Vince Cable defends Royal Mail sale price to MPs
The Business Secretary Vince Cable has rejected claims that the government sold off Royal Mail too cheaply.
Mr Cable and Business Minister Michael Fallon were questioned by the House of Commons Business Committee over whether the government could have achieved better value for money in the sale.
"We don't apologise for it and we don't regret it," Mr Cable told MPs.
Royal Mail's share price has risen by almost 90% since the first day of trading in October last year.
"Hindsight is a wonderful thing," Mr Cable told the committee, "but on the basis of facts we had, the information we had, the knowledge we had of the company, this was a successful transaction".
The government initially priced Royal Mail shares at 330p each.
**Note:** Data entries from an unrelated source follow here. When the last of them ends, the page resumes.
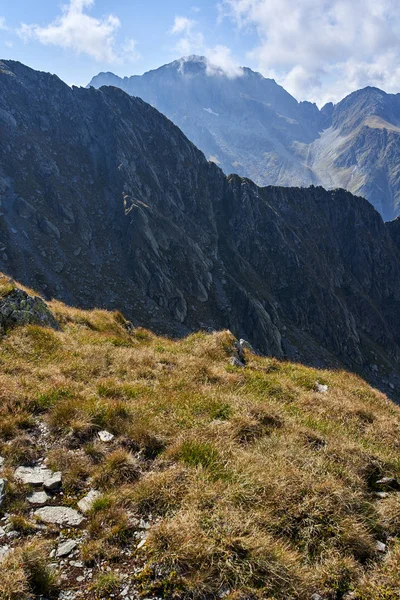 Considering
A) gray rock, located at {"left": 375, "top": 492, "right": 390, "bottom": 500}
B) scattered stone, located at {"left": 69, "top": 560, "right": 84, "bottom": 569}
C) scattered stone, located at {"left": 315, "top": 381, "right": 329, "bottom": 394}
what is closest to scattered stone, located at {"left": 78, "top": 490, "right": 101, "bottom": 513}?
scattered stone, located at {"left": 69, "top": 560, "right": 84, "bottom": 569}

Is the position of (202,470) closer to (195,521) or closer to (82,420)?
(195,521)

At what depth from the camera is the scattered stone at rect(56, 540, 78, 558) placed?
200 inches

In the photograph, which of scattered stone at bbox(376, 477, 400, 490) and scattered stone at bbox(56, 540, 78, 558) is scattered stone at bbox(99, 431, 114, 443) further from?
scattered stone at bbox(376, 477, 400, 490)

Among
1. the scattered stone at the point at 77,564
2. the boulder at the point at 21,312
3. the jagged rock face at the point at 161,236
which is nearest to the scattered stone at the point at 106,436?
the scattered stone at the point at 77,564

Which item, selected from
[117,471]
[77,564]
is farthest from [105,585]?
[117,471]

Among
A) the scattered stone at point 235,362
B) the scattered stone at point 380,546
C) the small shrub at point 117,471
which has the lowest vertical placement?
the small shrub at point 117,471

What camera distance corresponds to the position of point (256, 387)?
1189cm

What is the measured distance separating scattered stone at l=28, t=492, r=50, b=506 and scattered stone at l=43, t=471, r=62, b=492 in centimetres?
13

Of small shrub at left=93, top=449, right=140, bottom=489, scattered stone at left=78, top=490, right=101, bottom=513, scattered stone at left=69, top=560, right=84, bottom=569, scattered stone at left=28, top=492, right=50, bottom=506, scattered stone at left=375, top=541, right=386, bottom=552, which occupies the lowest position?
scattered stone at left=28, top=492, right=50, bottom=506

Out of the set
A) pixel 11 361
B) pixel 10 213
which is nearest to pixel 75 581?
pixel 11 361

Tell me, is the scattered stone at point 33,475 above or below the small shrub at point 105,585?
below

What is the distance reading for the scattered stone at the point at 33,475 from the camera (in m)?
6.50

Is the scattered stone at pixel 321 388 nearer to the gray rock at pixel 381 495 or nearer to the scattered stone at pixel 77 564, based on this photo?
the gray rock at pixel 381 495

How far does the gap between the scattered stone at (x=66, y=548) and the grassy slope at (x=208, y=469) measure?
211 mm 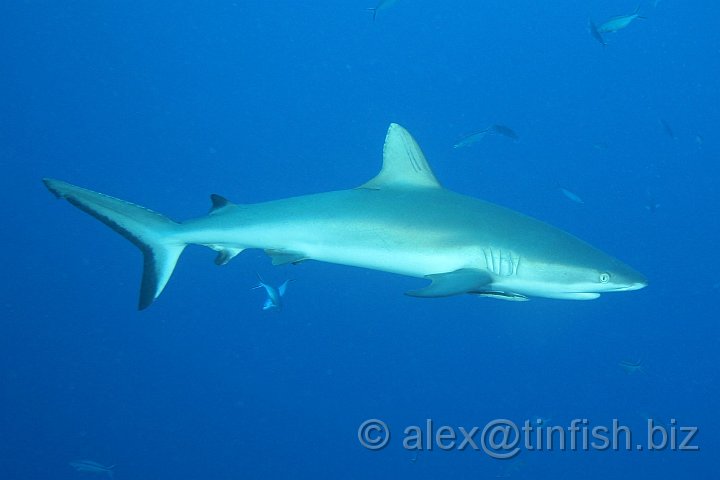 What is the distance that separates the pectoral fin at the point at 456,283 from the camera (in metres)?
3.46

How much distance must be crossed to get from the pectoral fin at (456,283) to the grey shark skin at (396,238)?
0.6 inches

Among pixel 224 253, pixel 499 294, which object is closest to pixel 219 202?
pixel 224 253

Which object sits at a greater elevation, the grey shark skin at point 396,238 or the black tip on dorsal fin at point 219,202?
the black tip on dorsal fin at point 219,202

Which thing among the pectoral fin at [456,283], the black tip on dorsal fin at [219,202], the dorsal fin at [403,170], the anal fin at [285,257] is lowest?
the pectoral fin at [456,283]

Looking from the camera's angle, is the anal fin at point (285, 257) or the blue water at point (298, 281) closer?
Result: the anal fin at point (285, 257)

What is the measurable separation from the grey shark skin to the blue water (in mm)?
6387

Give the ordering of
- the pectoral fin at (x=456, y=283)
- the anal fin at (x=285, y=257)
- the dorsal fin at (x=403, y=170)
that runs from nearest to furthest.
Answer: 1. the pectoral fin at (x=456, y=283)
2. the anal fin at (x=285, y=257)
3. the dorsal fin at (x=403, y=170)

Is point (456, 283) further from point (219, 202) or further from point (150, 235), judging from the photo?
point (150, 235)

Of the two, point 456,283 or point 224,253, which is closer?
point 456,283

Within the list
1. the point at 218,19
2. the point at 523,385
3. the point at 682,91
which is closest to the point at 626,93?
the point at 682,91

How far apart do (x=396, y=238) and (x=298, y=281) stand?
9313 millimetres

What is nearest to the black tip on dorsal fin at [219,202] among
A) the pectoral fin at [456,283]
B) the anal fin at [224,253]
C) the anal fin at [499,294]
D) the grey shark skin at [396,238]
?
the grey shark skin at [396,238]

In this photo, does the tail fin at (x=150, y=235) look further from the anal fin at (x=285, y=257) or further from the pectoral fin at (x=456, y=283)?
the pectoral fin at (x=456, y=283)

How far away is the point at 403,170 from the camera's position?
4.45 metres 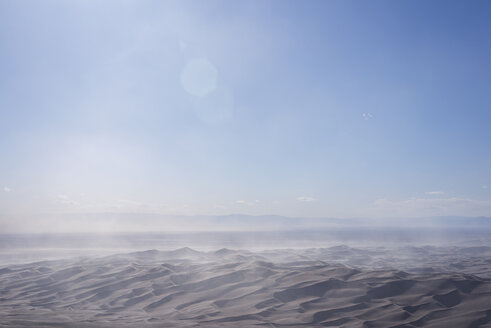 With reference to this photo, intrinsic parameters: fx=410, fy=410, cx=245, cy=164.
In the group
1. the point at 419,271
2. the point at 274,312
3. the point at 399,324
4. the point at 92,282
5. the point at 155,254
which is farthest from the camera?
the point at 155,254

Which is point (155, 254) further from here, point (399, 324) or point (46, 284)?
point (399, 324)

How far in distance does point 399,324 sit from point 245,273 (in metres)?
8.33

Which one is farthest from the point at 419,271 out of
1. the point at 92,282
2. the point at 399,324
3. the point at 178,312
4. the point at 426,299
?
the point at 92,282

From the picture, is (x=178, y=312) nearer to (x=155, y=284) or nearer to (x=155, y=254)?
(x=155, y=284)

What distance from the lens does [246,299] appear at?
15.3 meters

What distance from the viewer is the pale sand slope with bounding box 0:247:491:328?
40.9 ft

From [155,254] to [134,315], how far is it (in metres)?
22.4

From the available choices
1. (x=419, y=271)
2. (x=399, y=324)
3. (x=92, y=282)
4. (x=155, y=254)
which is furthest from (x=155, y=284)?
(x=155, y=254)

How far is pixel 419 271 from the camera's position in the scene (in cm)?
2483

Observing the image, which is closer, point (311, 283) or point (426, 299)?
point (426, 299)

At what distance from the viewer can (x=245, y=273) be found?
18719 millimetres

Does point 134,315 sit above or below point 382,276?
below

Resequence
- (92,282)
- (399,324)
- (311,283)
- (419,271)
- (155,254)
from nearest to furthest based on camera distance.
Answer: (399,324) → (311,283) → (92,282) → (419,271) → (155,254)

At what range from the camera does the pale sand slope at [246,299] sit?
1248 centimetres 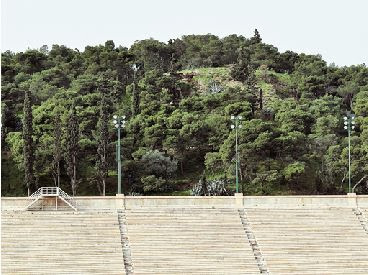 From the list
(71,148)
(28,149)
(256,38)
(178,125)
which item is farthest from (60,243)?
(256,38)

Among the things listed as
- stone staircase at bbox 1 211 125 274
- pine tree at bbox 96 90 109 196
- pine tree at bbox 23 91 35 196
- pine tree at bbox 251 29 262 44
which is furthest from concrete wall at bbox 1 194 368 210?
pine tree at bbox 251 29 262 44

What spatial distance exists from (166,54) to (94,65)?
509 inches

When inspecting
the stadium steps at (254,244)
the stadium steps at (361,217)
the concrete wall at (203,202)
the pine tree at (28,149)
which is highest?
the pine tree at (28,149)

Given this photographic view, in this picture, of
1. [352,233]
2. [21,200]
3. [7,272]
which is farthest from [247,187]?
[7,272]

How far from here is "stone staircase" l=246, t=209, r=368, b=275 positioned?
4294 centimetres

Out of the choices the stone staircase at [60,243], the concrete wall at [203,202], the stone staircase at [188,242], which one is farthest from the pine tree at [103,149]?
the stone staircase at [60,243]

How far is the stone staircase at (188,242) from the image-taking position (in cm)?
4219

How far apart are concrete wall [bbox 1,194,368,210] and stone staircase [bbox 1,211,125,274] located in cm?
73

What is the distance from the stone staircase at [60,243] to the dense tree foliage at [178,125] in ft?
38.8

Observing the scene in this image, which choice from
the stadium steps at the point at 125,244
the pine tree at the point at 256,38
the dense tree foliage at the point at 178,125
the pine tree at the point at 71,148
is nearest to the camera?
the stadium steps at the point at 125,244

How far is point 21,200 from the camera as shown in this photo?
46.8 m

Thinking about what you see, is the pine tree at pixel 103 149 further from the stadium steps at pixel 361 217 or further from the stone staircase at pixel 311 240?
the stadium steps at pixel 361 217

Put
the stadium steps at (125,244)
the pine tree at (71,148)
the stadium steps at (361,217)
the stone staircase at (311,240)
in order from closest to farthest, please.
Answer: the stadium steps at (125,244) < the stone staircase at (311,240) < the stadium steps at (361,217) < the pine tree at (71,148)

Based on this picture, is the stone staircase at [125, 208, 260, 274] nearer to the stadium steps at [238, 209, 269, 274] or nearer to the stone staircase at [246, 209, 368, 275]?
the stadium steps at [238, 209, 269, 274] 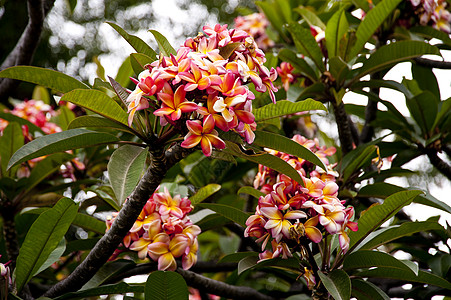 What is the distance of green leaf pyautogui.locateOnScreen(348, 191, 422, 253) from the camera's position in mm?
1100

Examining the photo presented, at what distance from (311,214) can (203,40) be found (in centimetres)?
45

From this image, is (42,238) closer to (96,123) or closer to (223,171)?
(96,123)

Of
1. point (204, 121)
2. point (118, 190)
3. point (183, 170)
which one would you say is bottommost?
point (183, 170)

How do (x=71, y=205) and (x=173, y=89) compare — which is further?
(x=71, y=205)

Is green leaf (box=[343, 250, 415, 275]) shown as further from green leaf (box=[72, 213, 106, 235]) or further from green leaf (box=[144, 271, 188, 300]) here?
green leaf (box=[72, 213, 106, 235])

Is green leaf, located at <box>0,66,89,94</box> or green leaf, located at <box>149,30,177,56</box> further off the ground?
green leaf, located at <box>149,30,177,56</box>

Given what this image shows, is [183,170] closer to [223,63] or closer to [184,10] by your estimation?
[223,63]

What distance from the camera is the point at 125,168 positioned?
1.07 meters

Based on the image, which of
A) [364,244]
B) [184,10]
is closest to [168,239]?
[364,244]

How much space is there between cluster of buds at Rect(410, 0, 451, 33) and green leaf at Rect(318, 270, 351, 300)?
4.15 feet

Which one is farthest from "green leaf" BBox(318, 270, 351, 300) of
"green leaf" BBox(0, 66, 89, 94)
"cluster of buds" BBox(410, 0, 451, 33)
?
"cluster of buds" BBox(410, 0, 451, 33)

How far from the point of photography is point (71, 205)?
114cm

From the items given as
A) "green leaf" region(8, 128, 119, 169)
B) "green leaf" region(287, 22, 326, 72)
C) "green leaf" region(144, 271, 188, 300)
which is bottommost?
"green leaf" region(144, 271, 188, 300)

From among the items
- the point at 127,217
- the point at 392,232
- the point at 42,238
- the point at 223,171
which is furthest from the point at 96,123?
the point at 223,171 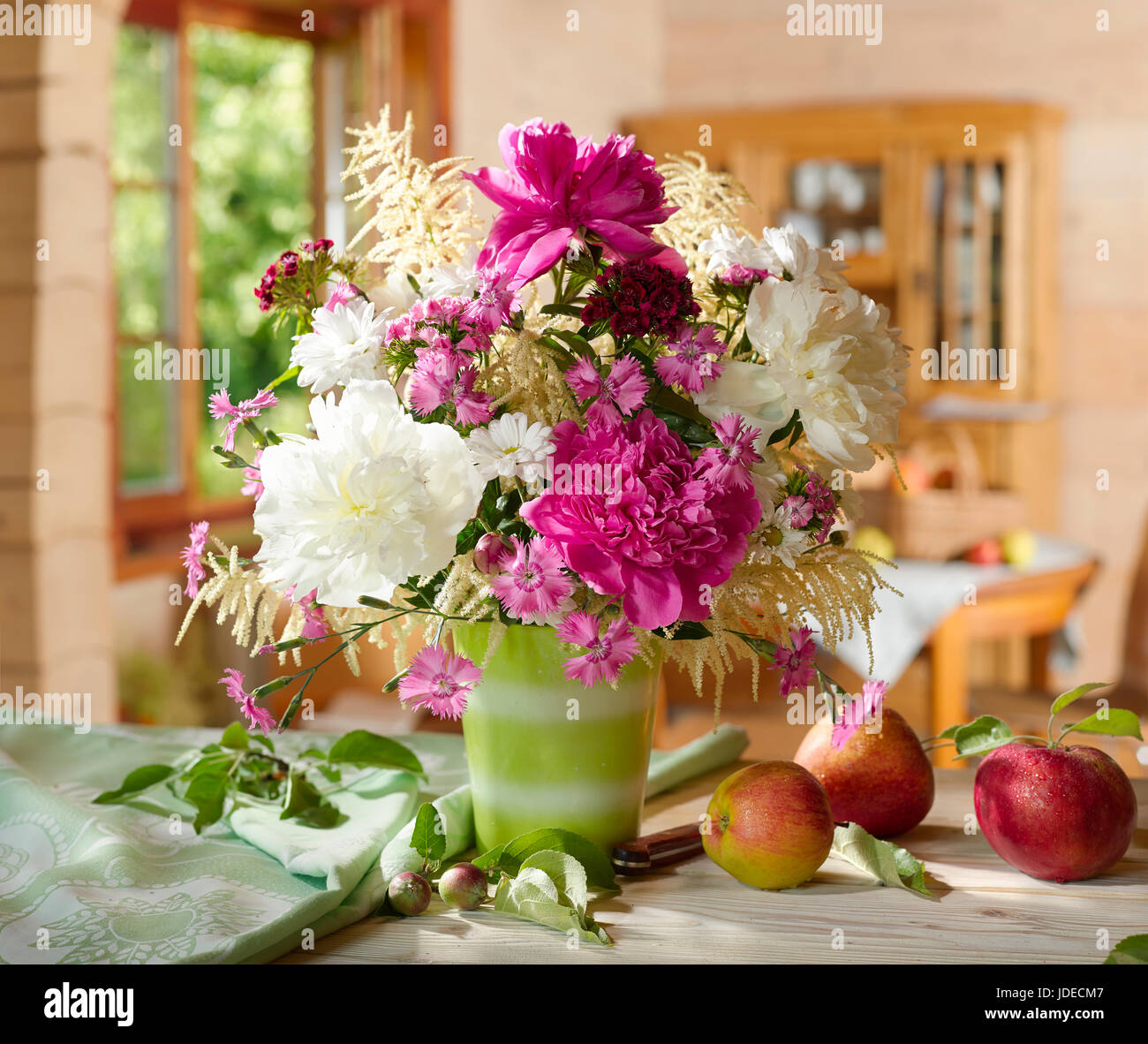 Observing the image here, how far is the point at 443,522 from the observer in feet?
2.47

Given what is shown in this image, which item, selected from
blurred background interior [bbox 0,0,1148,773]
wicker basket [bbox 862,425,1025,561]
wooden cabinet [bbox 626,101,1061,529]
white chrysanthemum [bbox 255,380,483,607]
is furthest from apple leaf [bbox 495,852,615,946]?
wooden cabinet [bbox 626,101,1061,529]

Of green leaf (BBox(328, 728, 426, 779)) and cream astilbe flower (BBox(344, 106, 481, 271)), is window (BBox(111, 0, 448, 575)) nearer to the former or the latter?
green leaf (BBox(328, 728, 426, 779))

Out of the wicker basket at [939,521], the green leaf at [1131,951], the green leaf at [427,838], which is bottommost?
the green leaf at [1131,951]

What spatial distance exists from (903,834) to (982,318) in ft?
13.0

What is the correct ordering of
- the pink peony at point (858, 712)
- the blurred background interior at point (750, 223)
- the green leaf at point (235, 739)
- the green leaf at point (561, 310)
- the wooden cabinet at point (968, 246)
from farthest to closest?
the wooden cabinet at point (968, 246), the blurred background interior at point (750, 223), the green leaf at point (235, 739), the pink peony at point (858, 712), the green leaf at point (561, 310)

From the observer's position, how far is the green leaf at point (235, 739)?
3.38ft

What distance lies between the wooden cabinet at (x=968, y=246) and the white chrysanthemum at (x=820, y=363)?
3910 mm

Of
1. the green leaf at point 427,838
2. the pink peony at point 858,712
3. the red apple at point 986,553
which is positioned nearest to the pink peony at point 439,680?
the green leaf at point 427,838

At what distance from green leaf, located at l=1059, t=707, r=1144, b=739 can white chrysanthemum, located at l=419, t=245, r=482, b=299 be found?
526mm

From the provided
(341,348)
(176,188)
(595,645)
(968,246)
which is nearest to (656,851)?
(595,645)

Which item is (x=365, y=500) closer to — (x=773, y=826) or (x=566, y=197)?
(x=566, y=197)

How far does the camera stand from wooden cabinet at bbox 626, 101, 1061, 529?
15.0ft

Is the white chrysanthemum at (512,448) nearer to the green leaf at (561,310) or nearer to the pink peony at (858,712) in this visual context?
the green leaf at (561,310)

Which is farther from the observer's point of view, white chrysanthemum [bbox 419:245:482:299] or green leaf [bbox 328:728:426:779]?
green leaf [bbox 328:728:426:779] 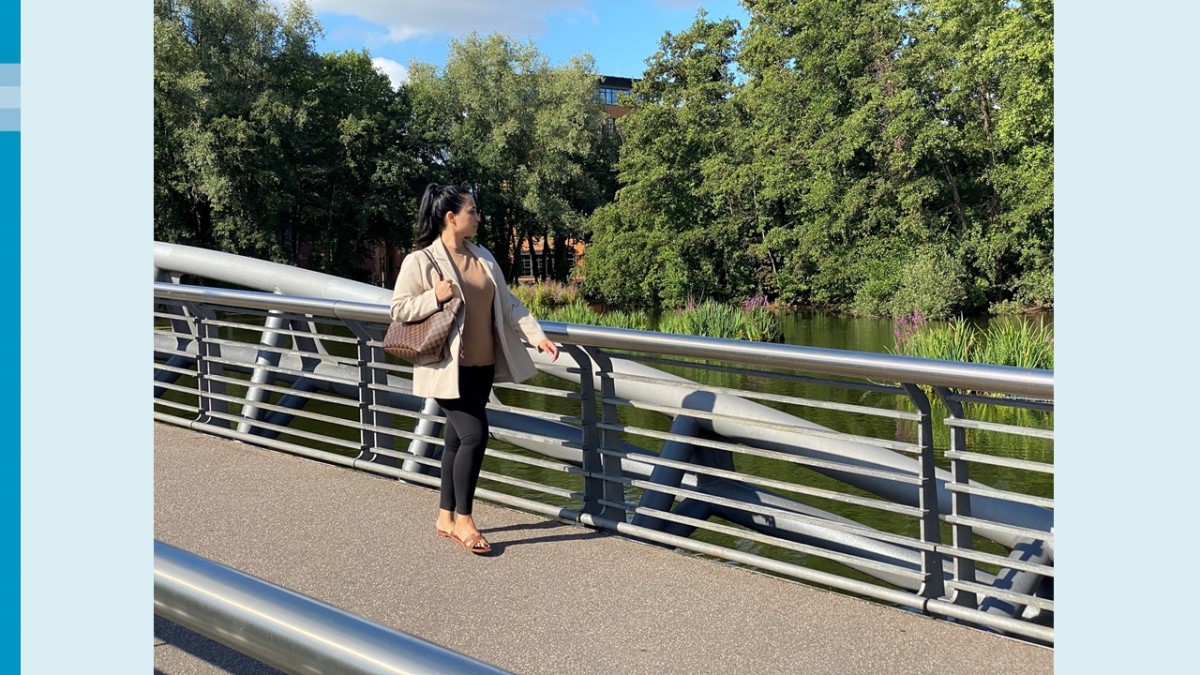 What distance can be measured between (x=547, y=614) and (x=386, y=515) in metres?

On the first day of trading on the stock market, the shares closed at 489p, and have soared 87% since, leading to claims that the company was sold off at too cheap a price.
Shares are now trading at approximately 521p.
Critics also say the share sale has allowed big banks and financial speculators to make a quick profit.
A report by the National Audit Office found that ministers in charge of the privatisation were too cautious when setting the sale price.
But ministers blamed the spectre of industrial action by Royal Mail employees for pricing the shares at 330p for the initial public offering.
The poor state of the world economy was also a factor, they said.
Mr Fallon told MPs: "Had we got a pay deal on time from 1 April last year and had a settled industrial relations climate, it's wholly possible we could have achieved a higher price."
'Fact of life'
Labour committee member Katy Clark asked if some large institutional investors had made a quick profit by selling out so quickly.
"It is just a fact of life, that is the way financial markets work," Mr Cable replied.
Mr Cable admitted he was "uncomfortable" with the notion of investors making short-term gains and that ministers may look at different ways to sell off public assets in future.
He also refused to name a group of so-called "priority investors", given a large allocation of shares with the aim of creating a stable, long-term shareholder base, but said he would pass a confidential list to MPs.
Some of the investors have sold part or all of their holding in Royal Mail.